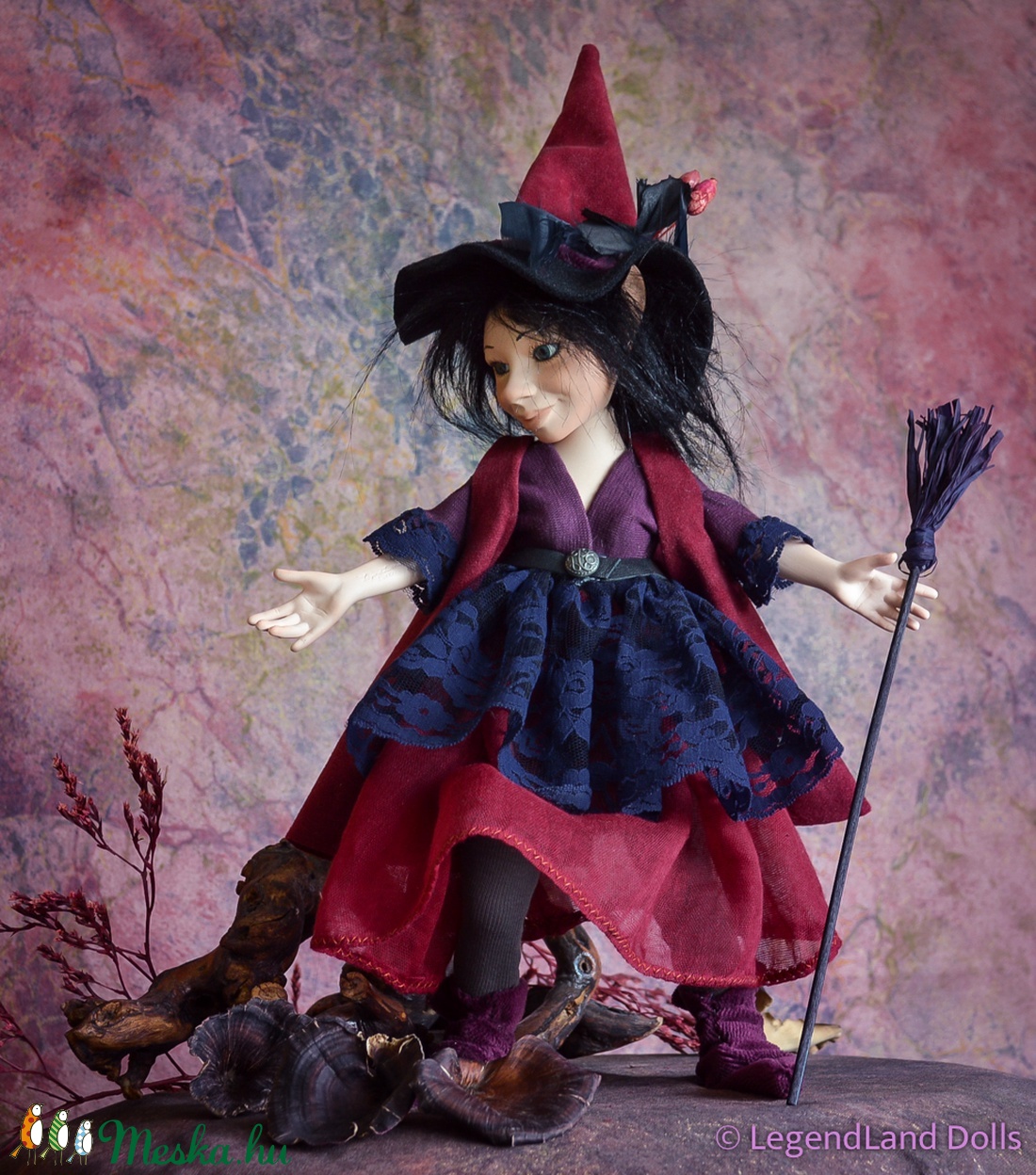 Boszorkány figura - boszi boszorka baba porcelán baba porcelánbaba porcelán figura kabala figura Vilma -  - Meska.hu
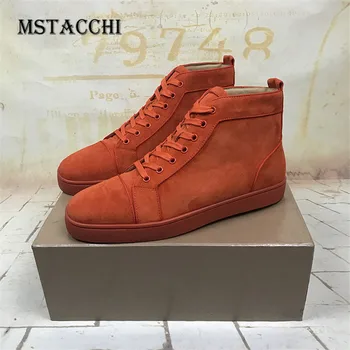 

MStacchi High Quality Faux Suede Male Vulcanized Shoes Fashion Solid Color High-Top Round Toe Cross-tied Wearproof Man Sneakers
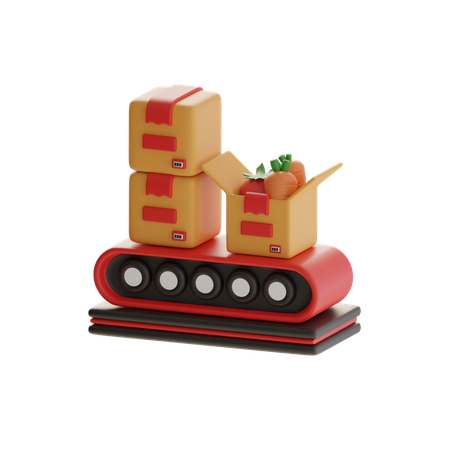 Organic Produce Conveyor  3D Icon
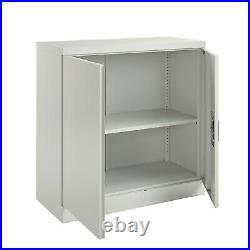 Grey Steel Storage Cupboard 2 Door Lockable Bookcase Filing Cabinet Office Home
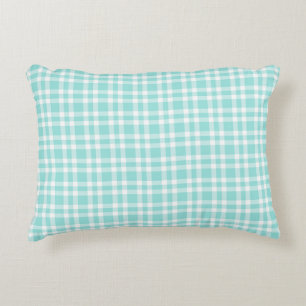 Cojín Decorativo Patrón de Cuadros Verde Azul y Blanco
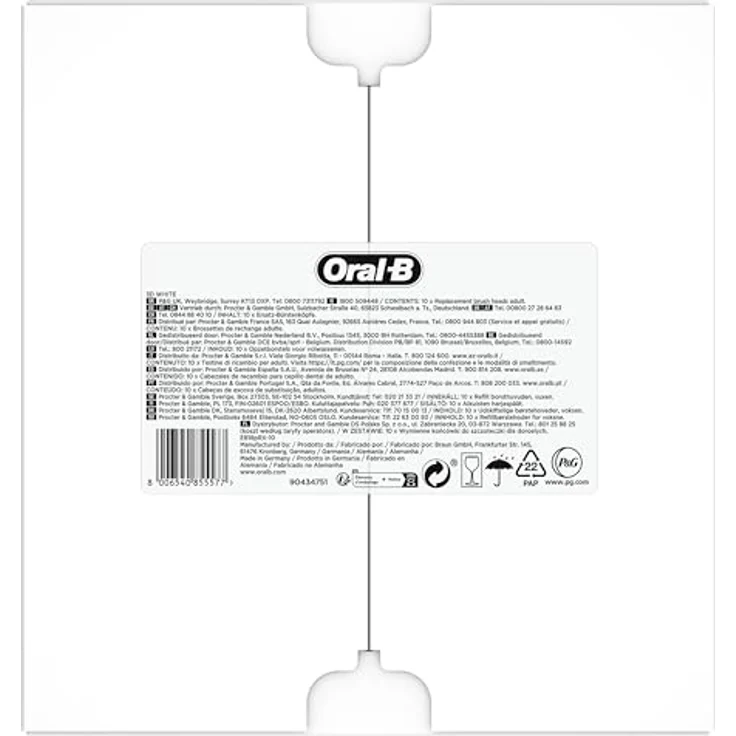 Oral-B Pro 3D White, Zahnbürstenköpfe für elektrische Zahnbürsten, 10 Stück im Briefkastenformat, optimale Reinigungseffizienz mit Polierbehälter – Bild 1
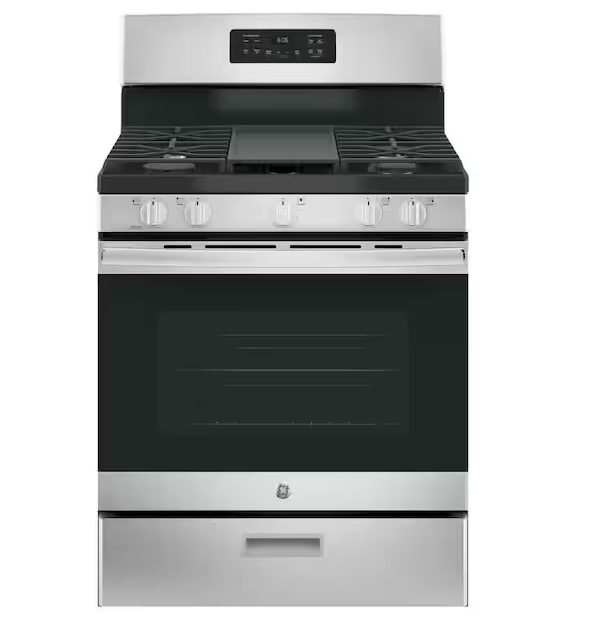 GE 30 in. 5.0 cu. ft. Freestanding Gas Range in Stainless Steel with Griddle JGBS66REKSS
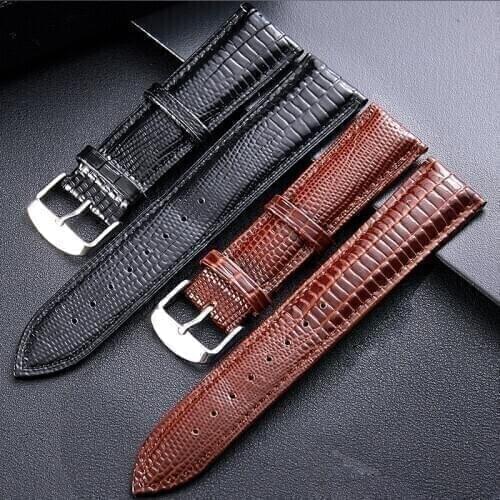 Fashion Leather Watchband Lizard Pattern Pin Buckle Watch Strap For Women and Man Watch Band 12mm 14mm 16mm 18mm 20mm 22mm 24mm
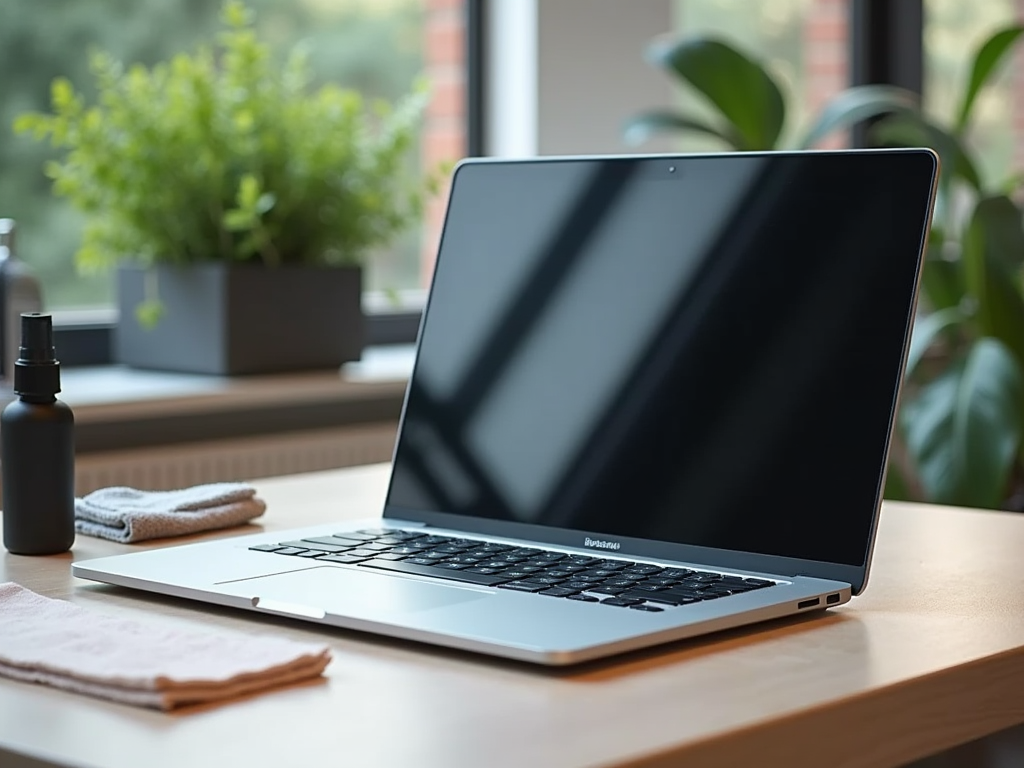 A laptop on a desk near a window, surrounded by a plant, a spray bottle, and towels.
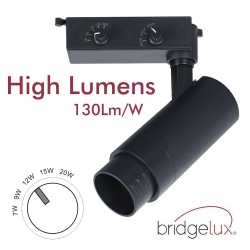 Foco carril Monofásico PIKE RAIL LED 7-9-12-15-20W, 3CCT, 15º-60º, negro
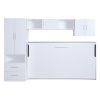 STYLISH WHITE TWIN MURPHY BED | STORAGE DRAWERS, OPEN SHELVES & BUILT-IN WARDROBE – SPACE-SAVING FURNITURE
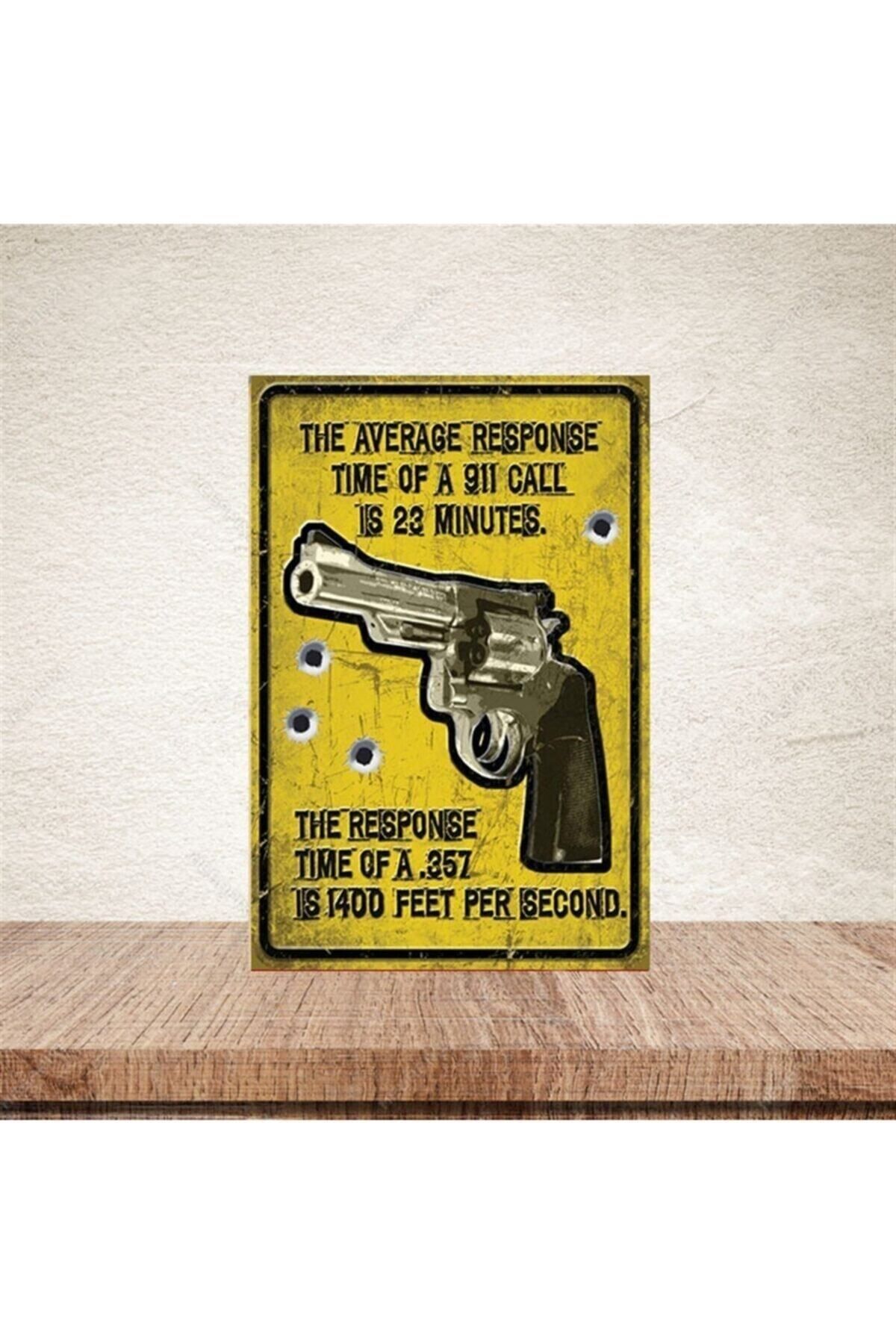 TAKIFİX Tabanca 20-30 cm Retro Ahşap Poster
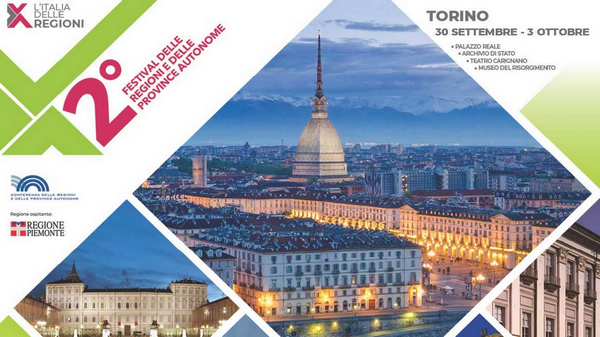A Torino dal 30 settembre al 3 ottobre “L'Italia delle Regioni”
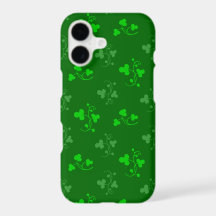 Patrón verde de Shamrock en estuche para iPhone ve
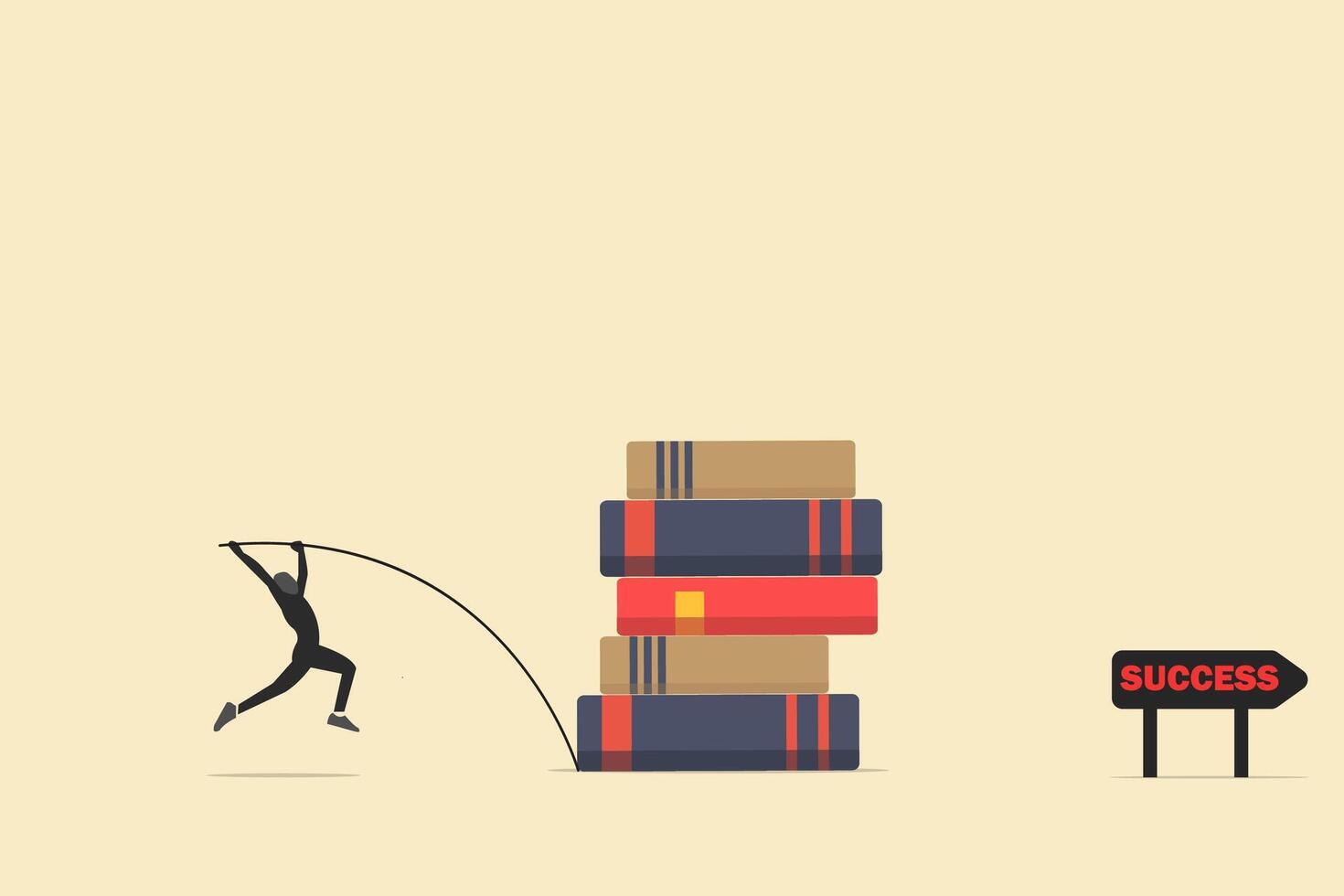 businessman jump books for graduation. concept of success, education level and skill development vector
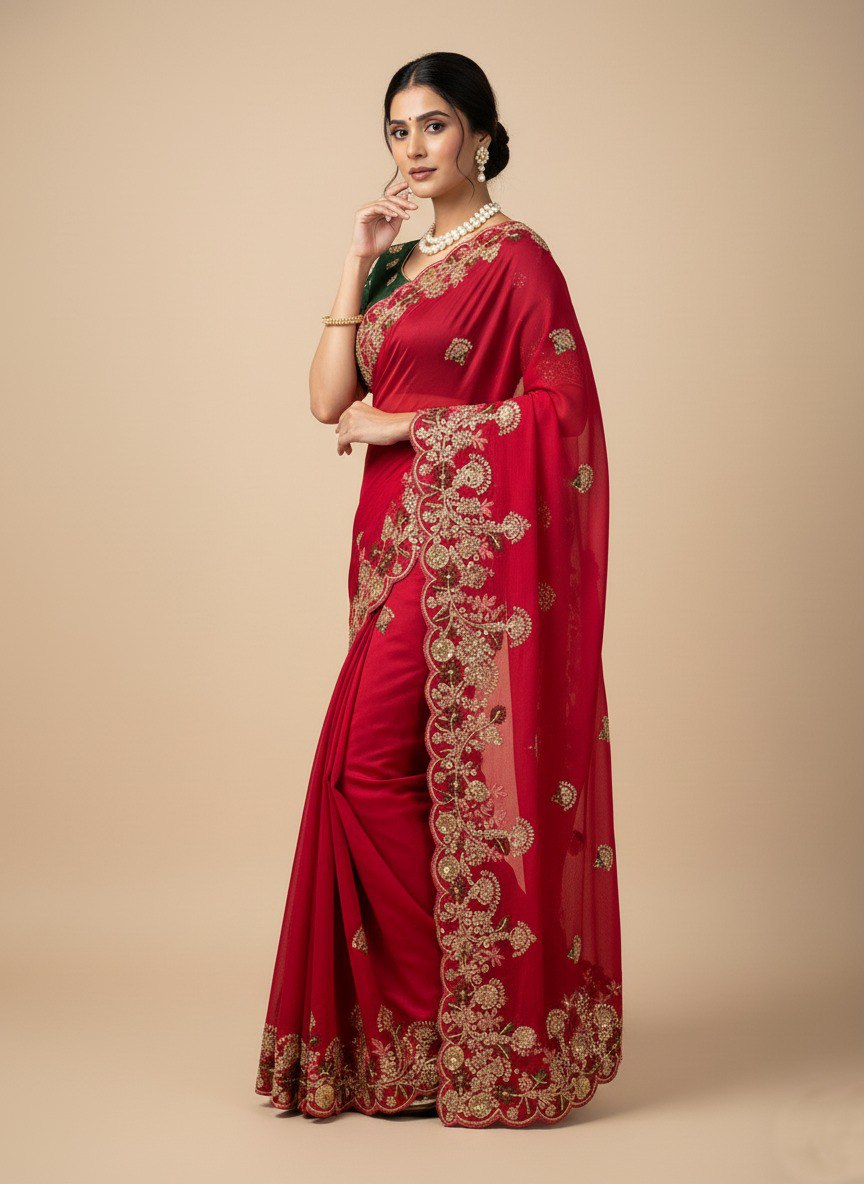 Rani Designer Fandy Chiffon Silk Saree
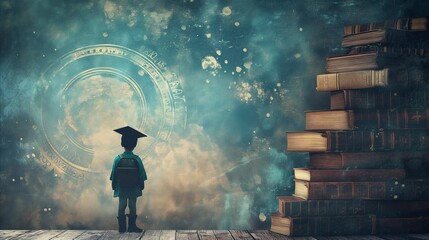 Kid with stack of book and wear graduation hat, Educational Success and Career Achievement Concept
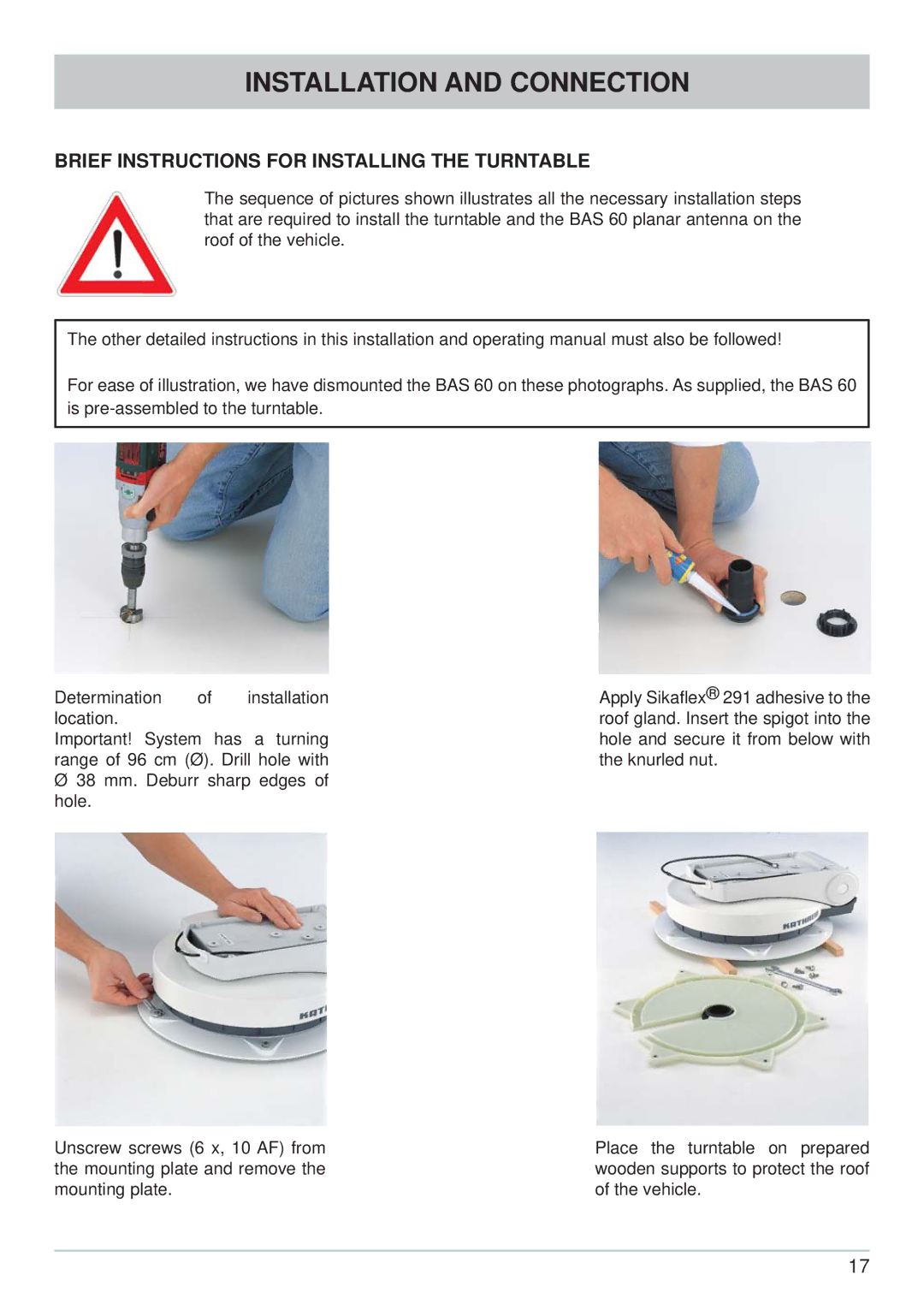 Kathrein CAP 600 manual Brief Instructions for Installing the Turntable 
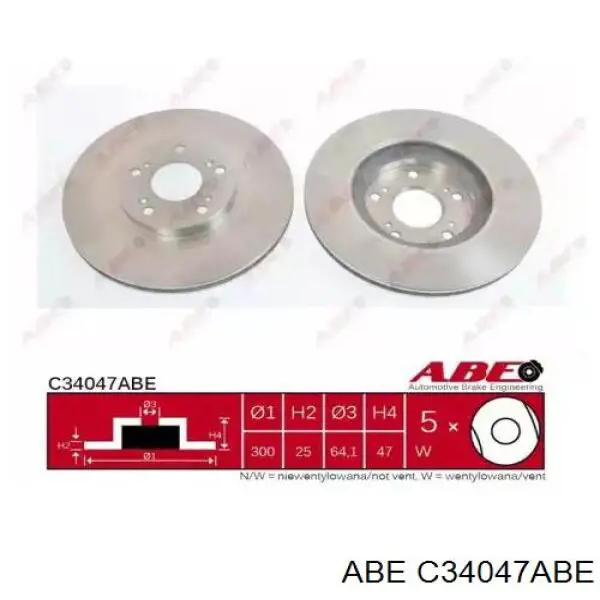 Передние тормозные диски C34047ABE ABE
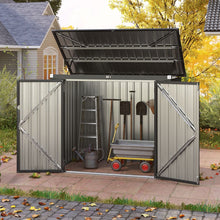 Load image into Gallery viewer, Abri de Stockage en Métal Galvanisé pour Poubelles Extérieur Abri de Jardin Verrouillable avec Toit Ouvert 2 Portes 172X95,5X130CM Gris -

Problem description — Using the data above, copy exactly the lines from the one containing "Foco carril Monofásico" to the one containing "A Torino dal", inclusive. Exclude the pictures.

Solution for this task —
 Foco carril Monofásico PIKE RAIL LED 7-9-12-15-20W, 3CCT, 15º-60º, negro
 STYLISH WHITE TWIN MURPHY BED | STORAGE DRAWERS, OPEN SHELVES & BUILT-IN WARDROBE – SPACE-SAVING FURNITURE
 TAKIFİX Tabanca 20-30 cm Retro Ahşap Poster
A Torino dal 30 settembre al 3 ottobre “L'Italia delle Regioni”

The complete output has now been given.